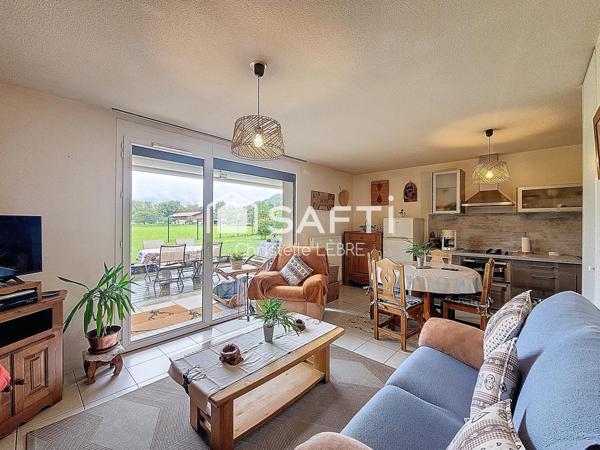 Le charme d'un extérieur sans les contraintes de l'étage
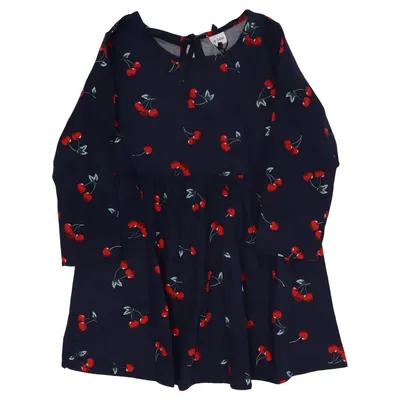 Robe (Bleu, Rouge) de Oii Coton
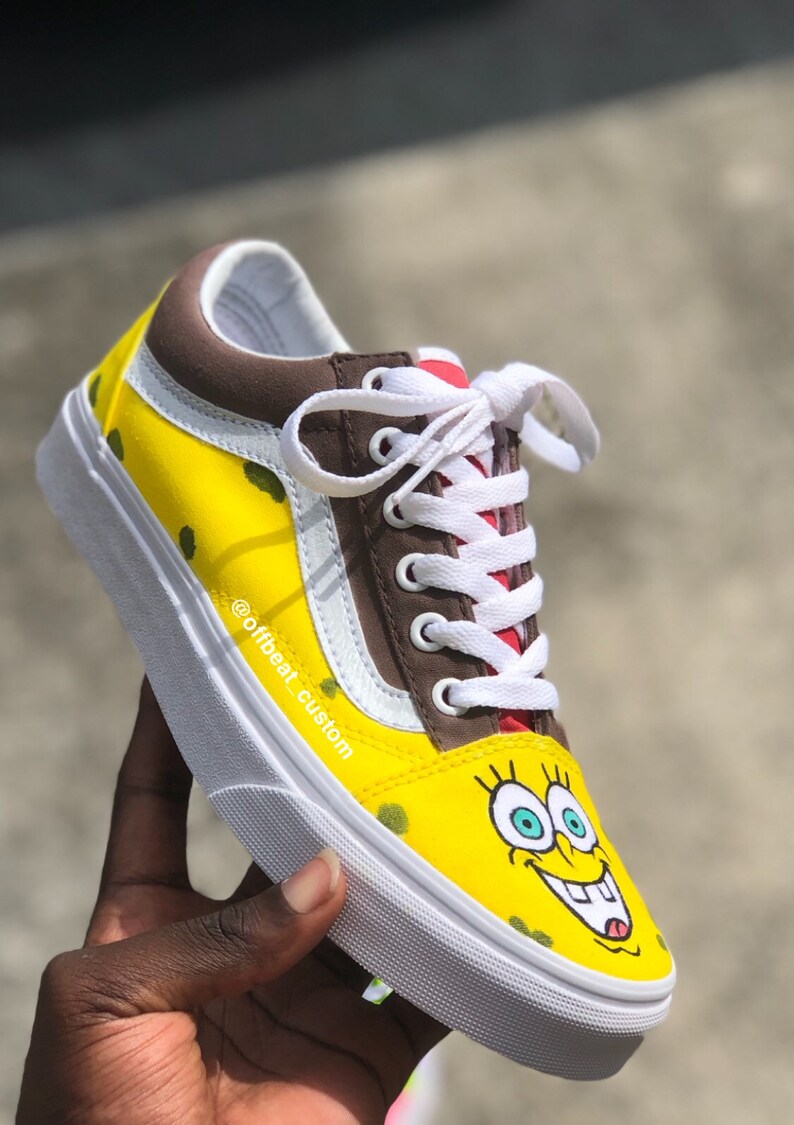 vans spongebob vans spongebob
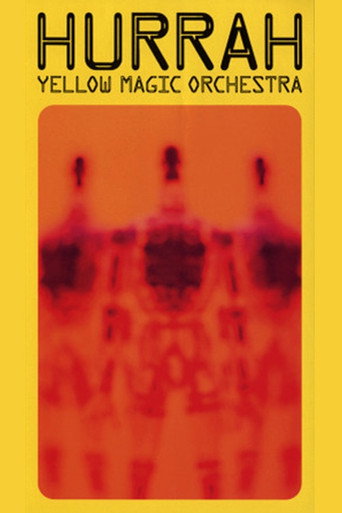 Movie poster for Hurrah: Yellow Magic Orchestra (1992)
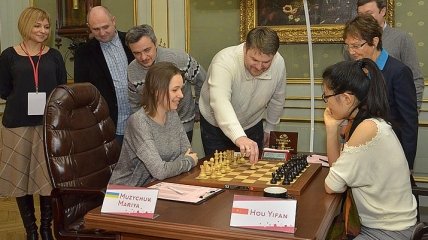 Сегодня решающий матч в шахматной баталии Музычук - Ифань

══════════════════════════════

Task goal
All of the entries above are to be written out exactly, with no pictures.

Task response
 Le charme d'un extérieur sans les contraintes de l'étage
 Robe (Bleu, Rouge) de Oii Coton
 vans spongebob vans spongebob
 Movie poster for Hurrah: Yellow Magic Orchestra (1992)
 Сегодня решающий матч в шахматной баталии Музычук - Ифань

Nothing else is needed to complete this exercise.